Zu den Erfahrungen meines 75-jährigen Lebens gehört die Erfahrung des Zweiten Weltkrieges, des schrecklichsten Totalkrieges in der Geschichte des europäischen Kontinents, sowie die Erfahrung zweier totalitärer Systeme: des Nationalsozialismus und des Kommunismus, deren Ideologie und Praxis in Europa geboren wurden. Europa war dennoch meine Hoffnung: als Zivilisation, als Wiege von Literatur und Kunst, in seiner Lebensart und als Welt der humanistischen Werte. Ich lebte in einem geteilten Europa, doch in dem Einigungsprozess sah ich die Chance auf die Erfüllung meiner Träume. Die Kraft des gesellschaftlichen Widerstandes und die Weisheit des Handelns der mitteleuropäischen Völker, die dem Beispiel der polnischen „Solidarnosc“ folgten, führten zum Fall der Berliner Mauer, zur Wiedervereinigung Deutschlands und zur Einigung Europas. Erst zu diesem Zeitpunkt, nach 1989, verspürte ich das Gefühl des Lebens in Frieden und in Achtung der menschlichen Würde; erst dann wurde Europa zu meiner zweiten Heimat. Der antike griechische Schriftsteller Isokrates schrieb, die Griechen seien nicht durch ihre Herkunft, sondern durch ihre Erziehung und Bildung verbunden. Ich wünsche mir, dass die Europäer künftig dasselbe von sich behaupten können.

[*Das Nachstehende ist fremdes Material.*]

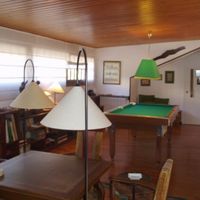 Вилла в горах, в деревне, в пригороде, у моря в Испании, Каталония, Барселона, 450 кв.м.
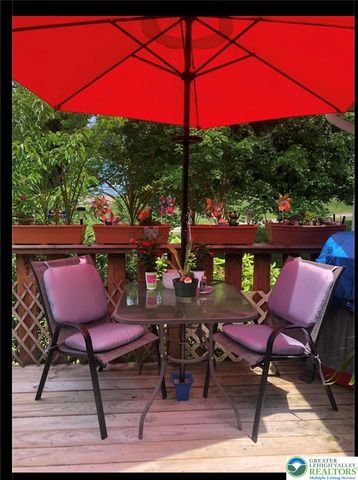 362 Mount Pleasant Road, Bangor Boro, PA 18013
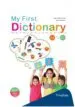 AudioLibro My First Dictionary de Adriana Moody Jerez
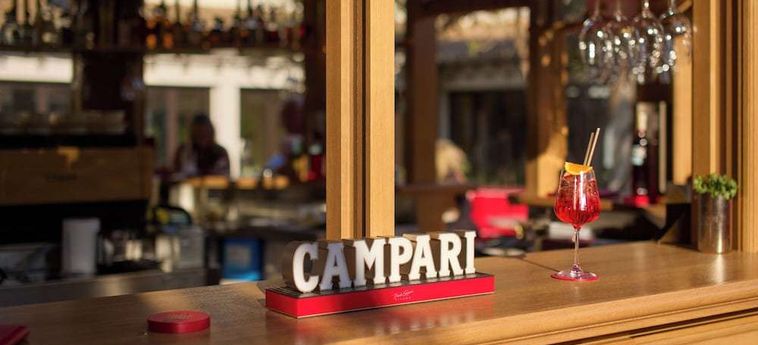 Hotel Don Carlos Leisure Resort &Amp; Spa:  MARBELLA - COSTA DEL SOL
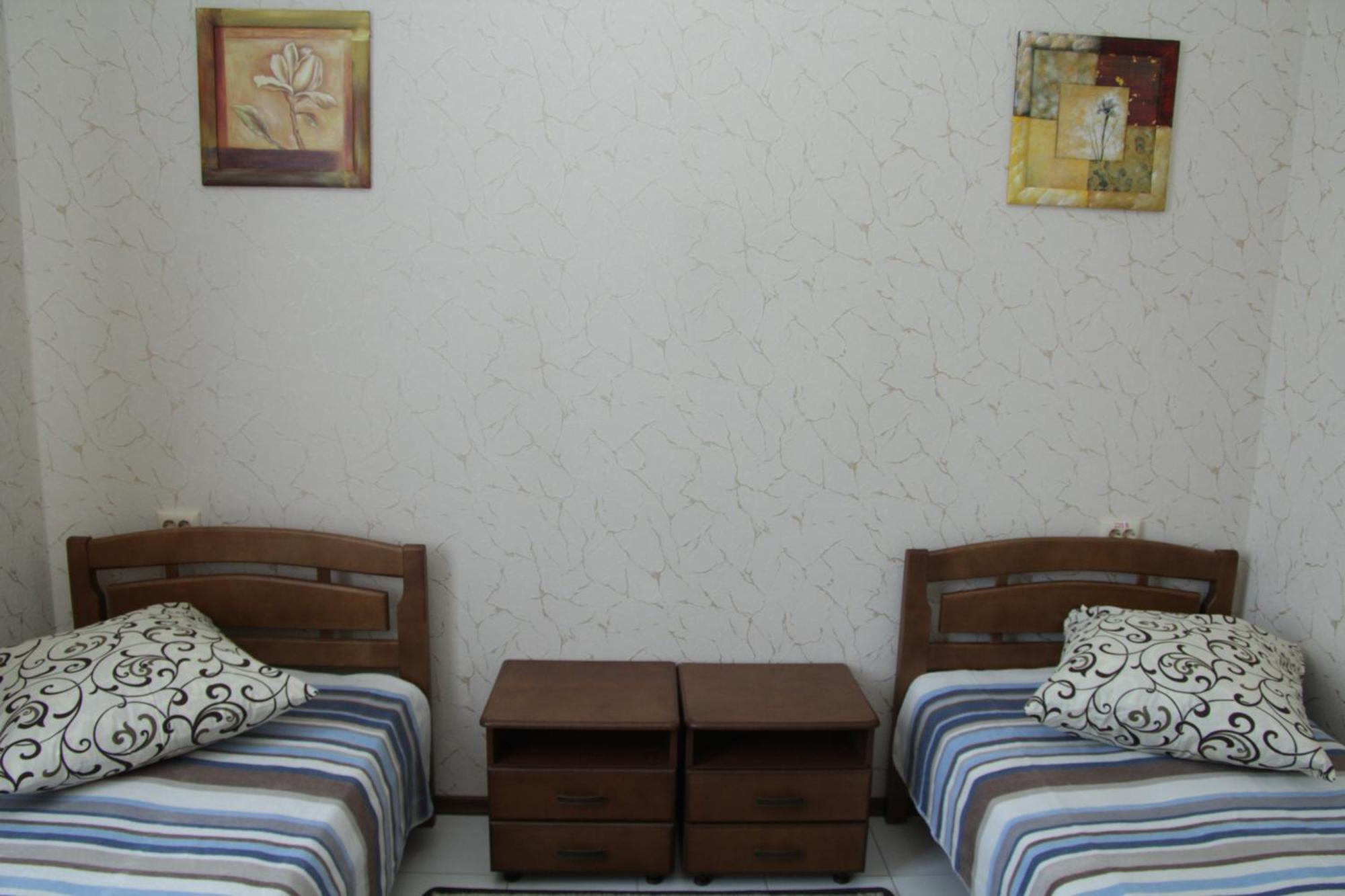 Comfort Hotel Kovel' Luaran gambar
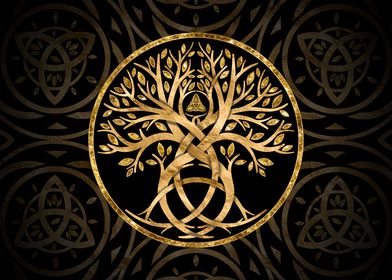 Tree Of Life Yggdrasil-preview-3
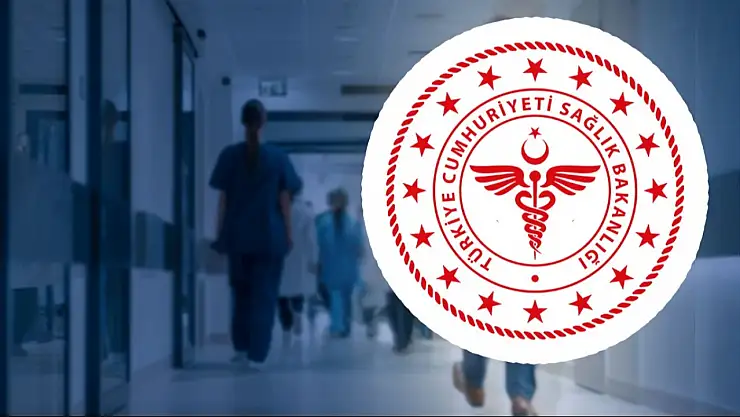 Sağlık Bakanı Memişoğlu: 18 Bin Yeni Personel Alınacak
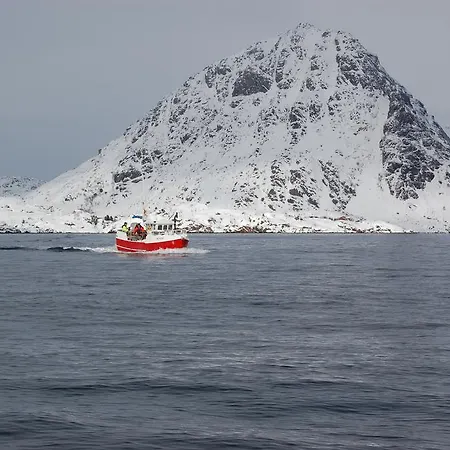 Lofoten - * Sund (Nordland)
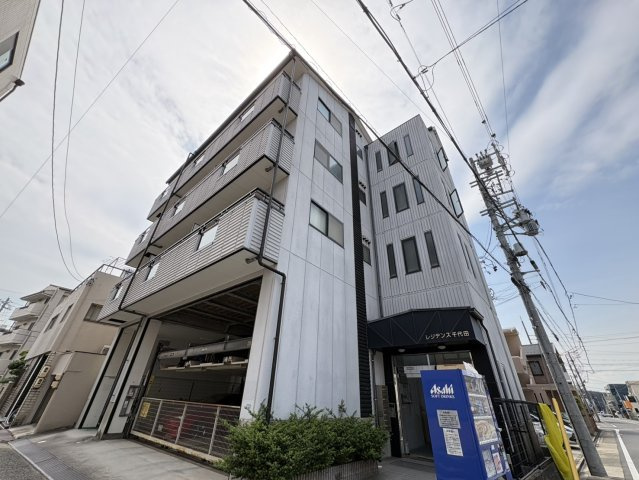 レジデンス千代田｜名古屋市の賃貸ならMy賃貸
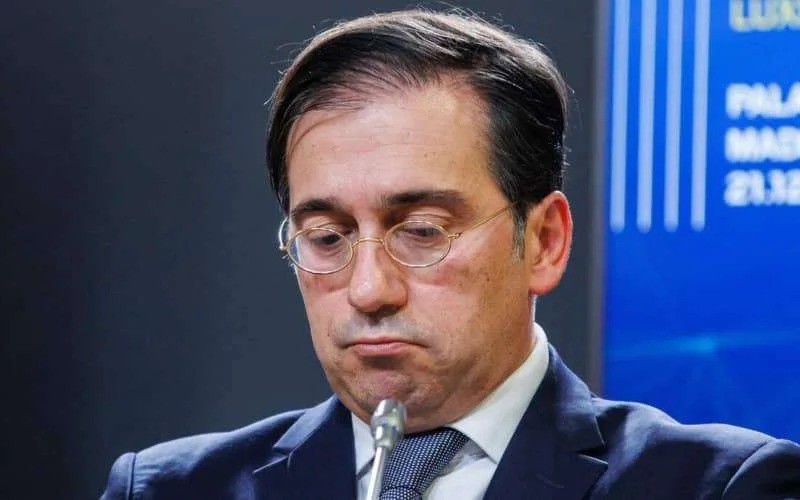 Spanje's prioriteit in 2022 is Marokko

Der Autor, Jahrgang 1932, ist einer der bekanntesten polnischen Historiker und erhielt bislang mehr als 20 Ehrendoktortitel. Als aktiver Politiker war er unter anderem von 1997 bis 2000 Außenminister Polens. Seit 2004 ist er Europa-Abgeordneter am Europäischen Parlament.Übersetzt aus dem Polnischen von Anna Janaszkiewicz.